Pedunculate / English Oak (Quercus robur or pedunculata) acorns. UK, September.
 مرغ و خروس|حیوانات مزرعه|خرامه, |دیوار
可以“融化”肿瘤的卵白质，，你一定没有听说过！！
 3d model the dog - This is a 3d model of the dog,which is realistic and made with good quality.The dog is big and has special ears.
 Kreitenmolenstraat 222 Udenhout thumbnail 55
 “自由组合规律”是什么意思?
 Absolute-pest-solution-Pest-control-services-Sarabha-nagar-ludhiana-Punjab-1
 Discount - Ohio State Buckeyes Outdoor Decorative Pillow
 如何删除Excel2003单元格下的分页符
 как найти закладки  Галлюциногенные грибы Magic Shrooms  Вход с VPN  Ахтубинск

▸ **TRY IT**:
All of the data above should be reproduced exactly, with nothing missing.

▸ **TASK OUTPUT**:
Pedunculate / English Oak (Quercus robur or pedunculata) acorns. UK, September.
 مرغ و خروس|حیوانات مزرعه|خرامه, |دیوار
可以“融化”肿瘤的卵白质，，你一定没有听说过！！
 3d model the dog - This is a 3d model of the dog,which is realistic and made with good quality.The dog is big and has special ears.
 Kreitenmolenstraat 222 Udenhout thumbnail 55
 “自由组合规律”是什么意思?
 Absolute-pest-solution-Pest-control-services-Sarabha-nagar-ludhiana-Punjab-1
 Discount - Ohio State Buckeyes Outdoor Decorative Pillow
 如何删除Excel2003单元格下的分页符
 как найти закладки  Галлюциногенные грибы Magic Shrooms  Вход с VPN  Ахтубинск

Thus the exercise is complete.